* Source data
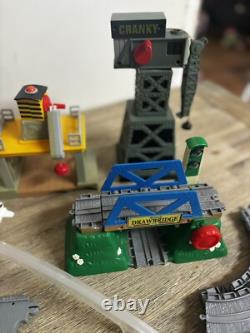 THOMAS LE TANK ENGINE Ensemble de rails en plastique gris, bâtiments, lot en vrac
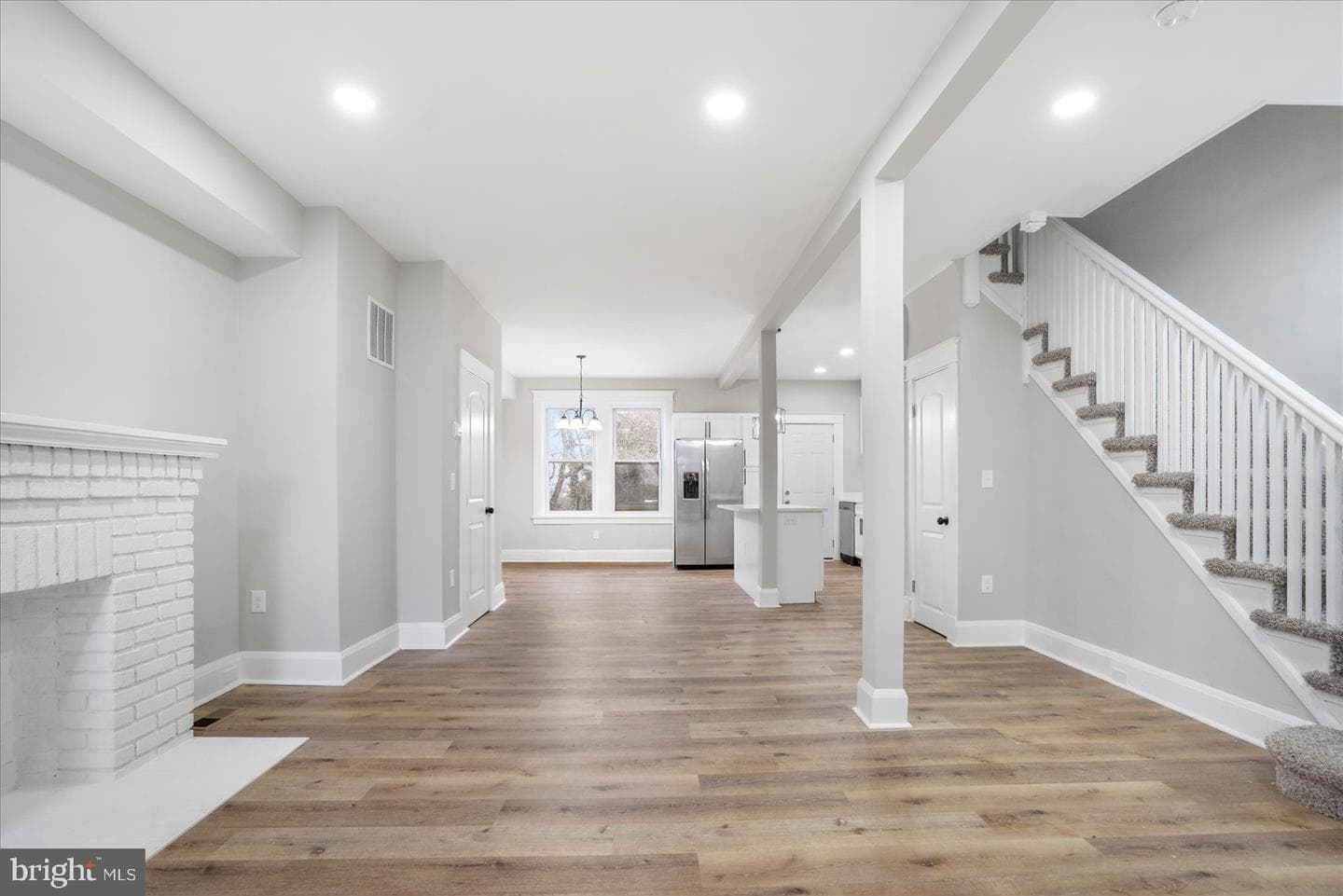 2307 N Ellamont Street photo 3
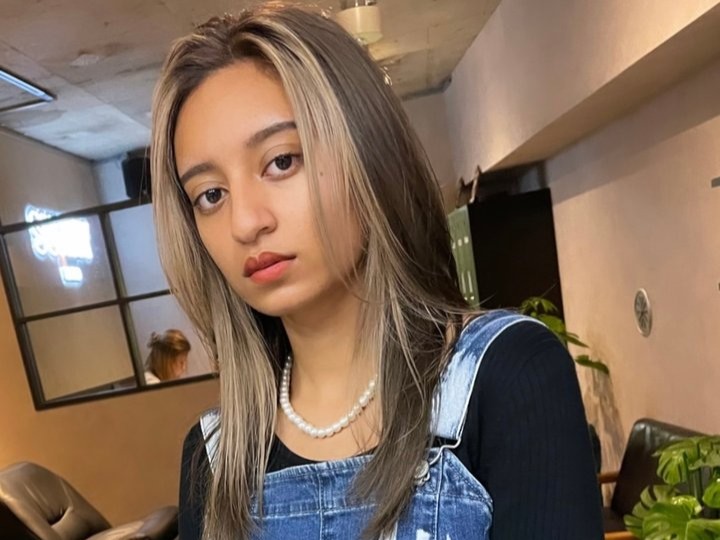 前髪なし × フェイスフレーミングカラー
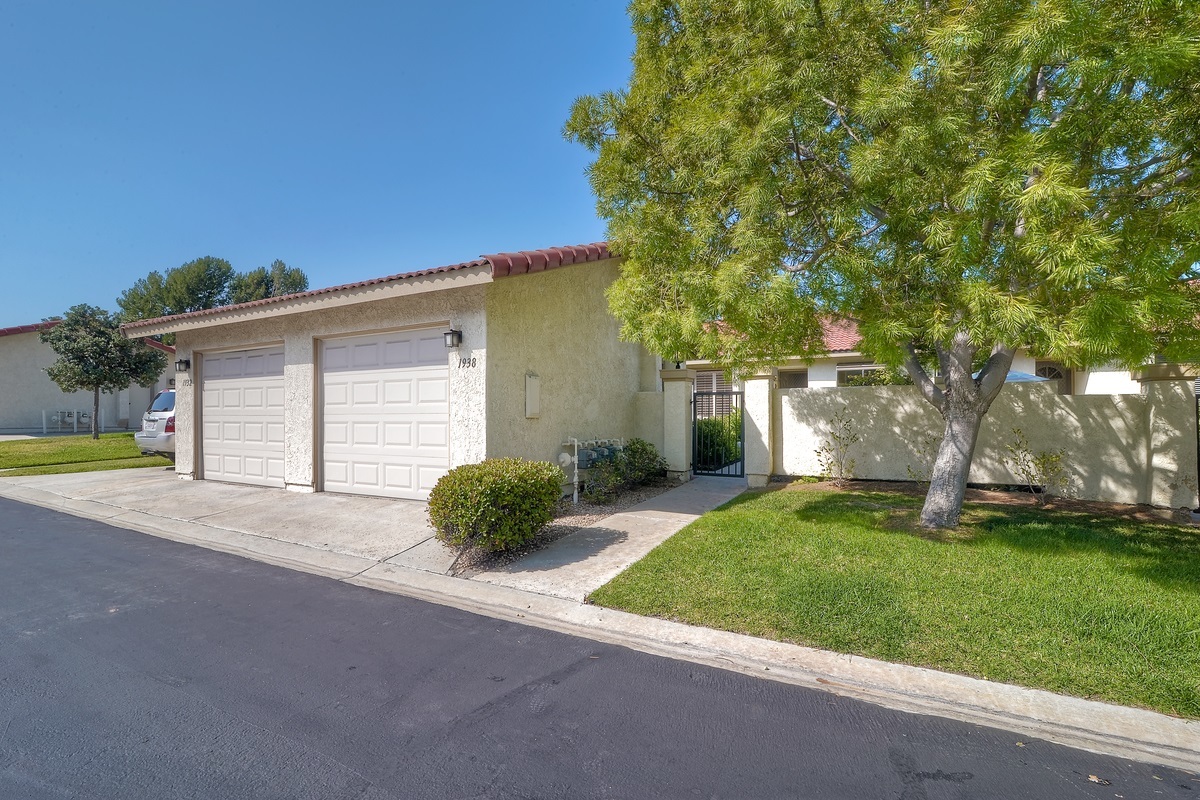 1938 Springdale Lane Encinitas, CA 92024 - Photo 2 of 20 Gallery Image 2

* Work order
Give back the material exactly as written, images excluded.

* Finished exercise
 THOMAS LE TANK ENGINE Ensemble de rails en plastique gris, bâtiments, lot en vrac
 2307 N Ellamont Street photo 3
 前髪なし × フェイスフレーミングカラー
 1938 Springdale Lane Encinitas, CA 92024 - Photo 2 of 20 Gallery Image 2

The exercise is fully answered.